For decisions of delimitation one must set a logical boundary on something continuous. Think, time. For the Social Election Prediction project, we are collecting the dates of all of the elections under consideration, so that we can compare the Wikipedia page views for the various political parties involved prior to the election. For most electoral systems, the date of an election is simple, but for countries like Italy and the Czech Republic with two-day elections, the question of when to end the information-seeking period arises. The day before the election begins? After the first day? There is uniform data solution to this question, only yet another subjective decision by the data collector.
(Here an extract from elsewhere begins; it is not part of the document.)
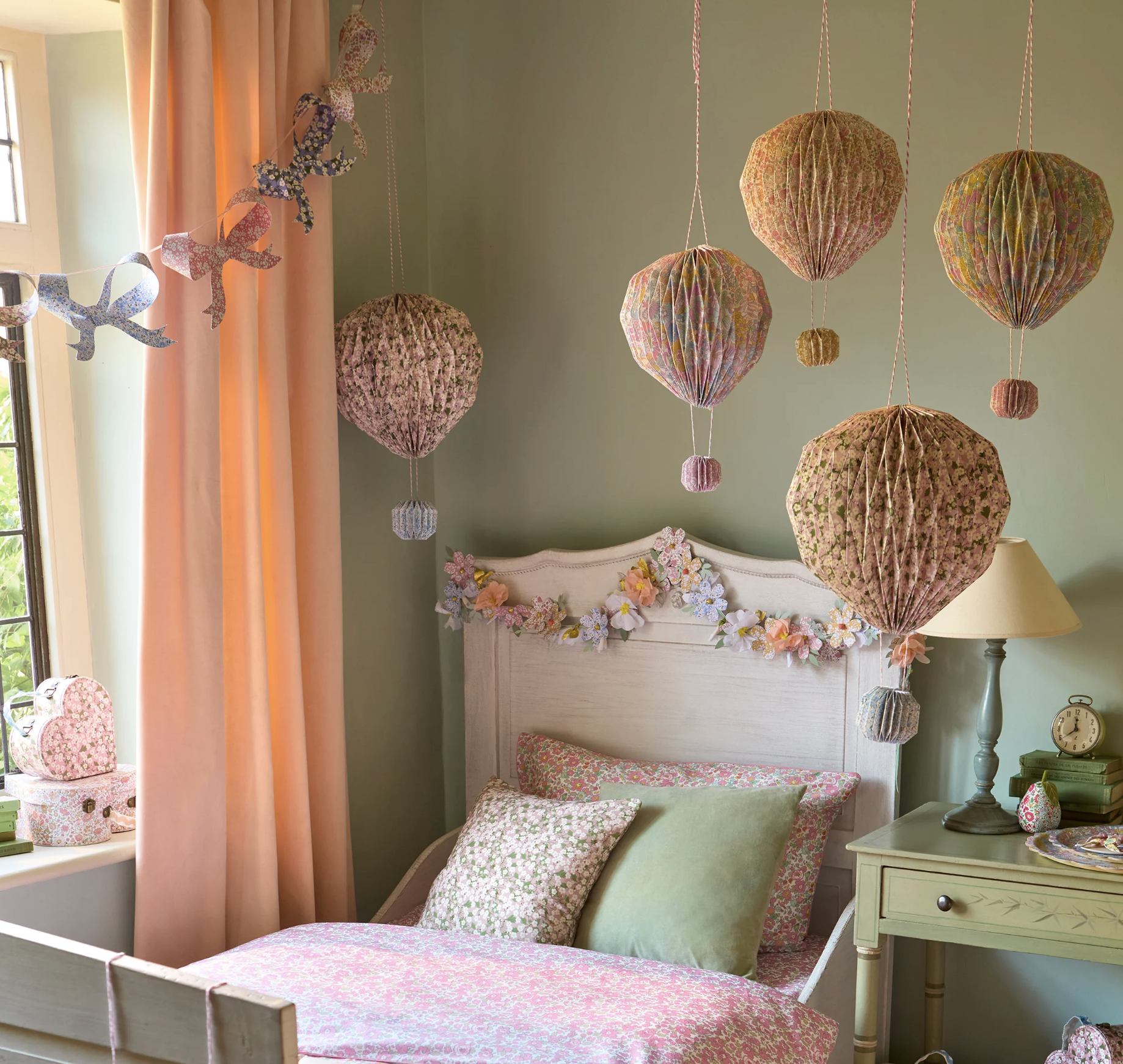 Liberty Bow Garland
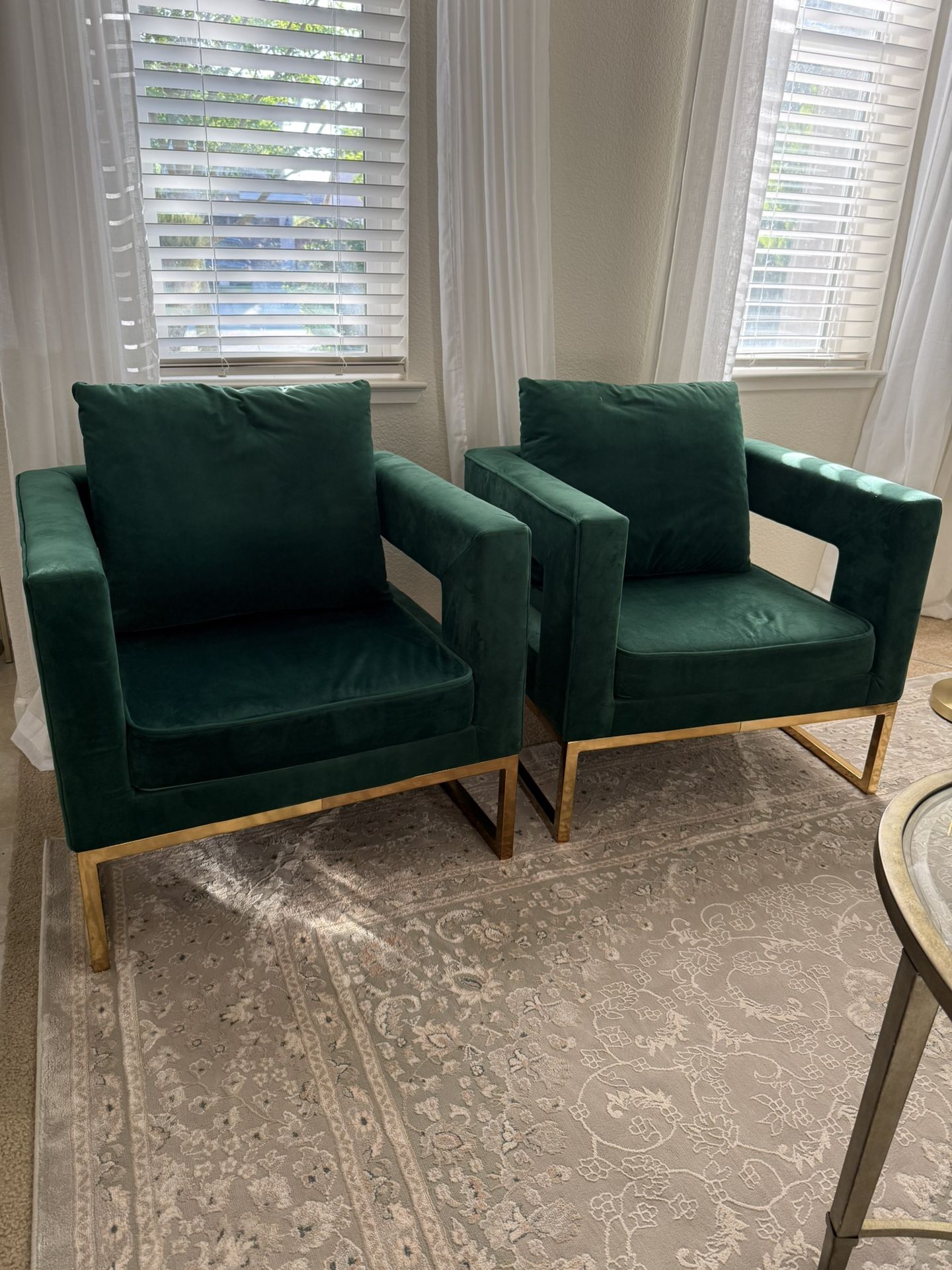 Liponis 30.12'' W Velvet Armchair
In the article quoted above, boyd and Crawford question the objectivity of data analysis but the subjective strains in big data research begin even earlier, with the collection stage. Data is defined in the collection stage, and these definitions, as with the analysis, can be context specific. Social media research faces the same definitional problems but many of the collection decisions have already been made by social media platform. Of course, same criticisms could be raised about traditional statistical analysis as well. While there may be unique benefits to big data research, it faces many of the same problems as previous research methods. Big data often seen as some sort of “black box” but the process of building that box can be just as subjective as qualitative research.


This post has been cross-posted to the Oxford Internet Institute’s Elections and the Internet blog.